Calculate GLOBAL thread Id


I am new to CUDA and trying to wrap my head around calculating the ‘global thread id’

What I mean by this is the following:

Say we have a grid of (2,2,1) and a blocks of (16,16,1) this will generate 1024 threads with the kernel invocation.

I am referring the ‘global thread id’ being each unique instance of a thread within the kernel. in this case threads 0 - 1023.

I am having trouble figuring out how to calculate it though. Here is what I’ve tried:

  1. Per CUDA Programming Guide:
int global_index = threadIdx.x + blockDim.x * threadIdx.y

but this seems to be the thread Id for the block, not the kernel.

  1. Per other documentation I have read:
int xindex = threadIdx.x + blockIdx.x * blockDim.x;

int yindex = threadIdx.y + blockIdx.y * blockDim.y;

int global_index = xindex + (gridDim.x * gridDim.y * yindex);

This just doesn’t get close.

It is clear that I am missing something very fundamental here…I just can wrap my head around it.

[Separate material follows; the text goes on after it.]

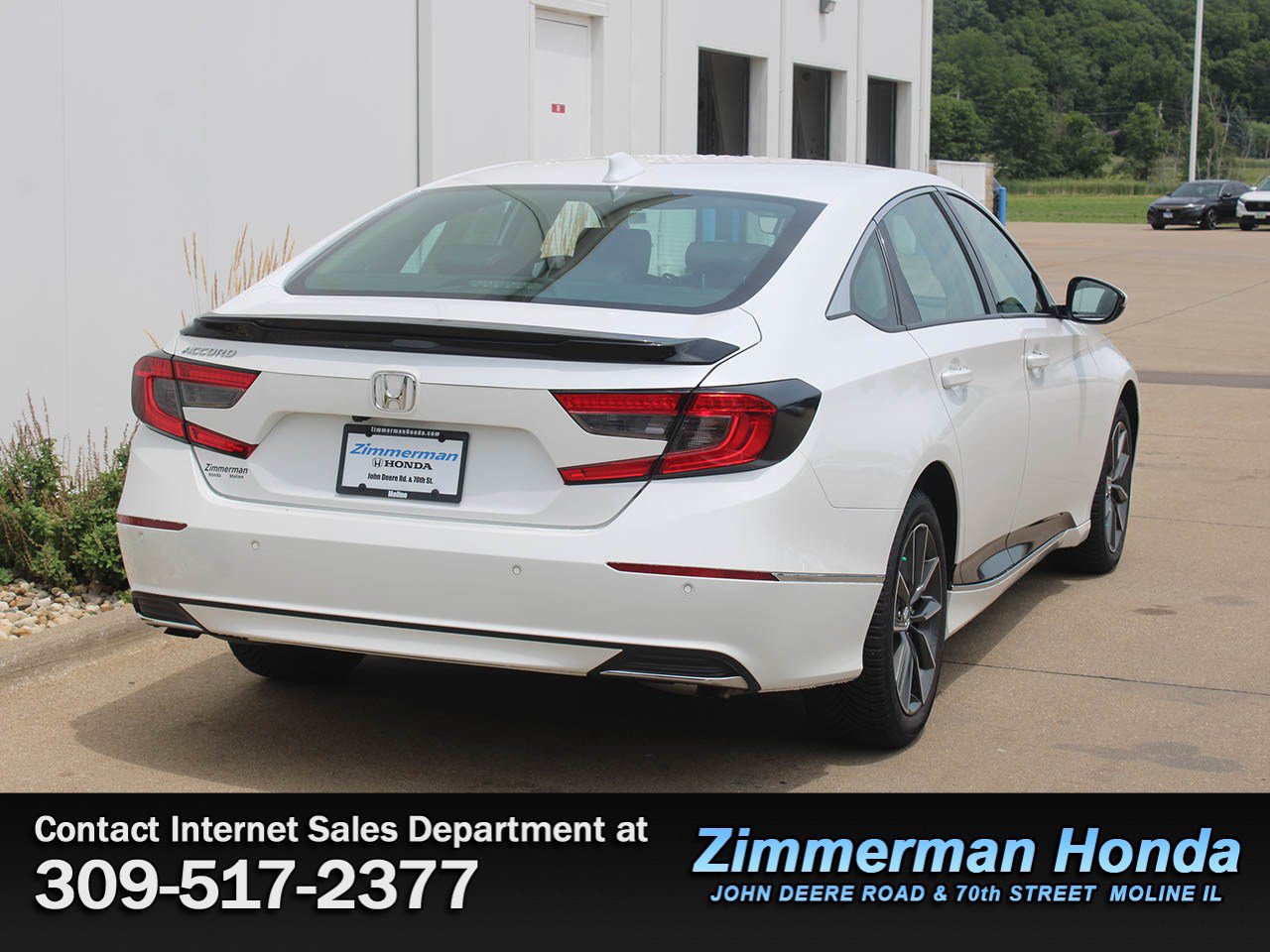 Certified 2021 Honda Accord EX-L image 2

Any help is much appreciated.

1 Like

Try tackling it with a top-down approach. At the top level, we have

globalThreadNum = blockNumInGrid * threadsPerBlock + threadNumInBlock

For now, assume we have a 2D grid and 2D blocks. Then

threadsPerBlock  = blockDim.x * blockDim.y

threadNumInBlock = threadIdx.x + blockDim.x * threadIdx.y (alternatively: threadIdx.y + blockDim.y * threadIdx.x)

blockNumInGrid   = blockIdx.x  + gridDim.x  * blockIdx.y  (alternatively: blockIdx.y  + gridDim.y  * blockIdx.x)

Analogous for 3D grids and 3D blocks.

Ah! Yes, makes much more sense. Thanks for the help!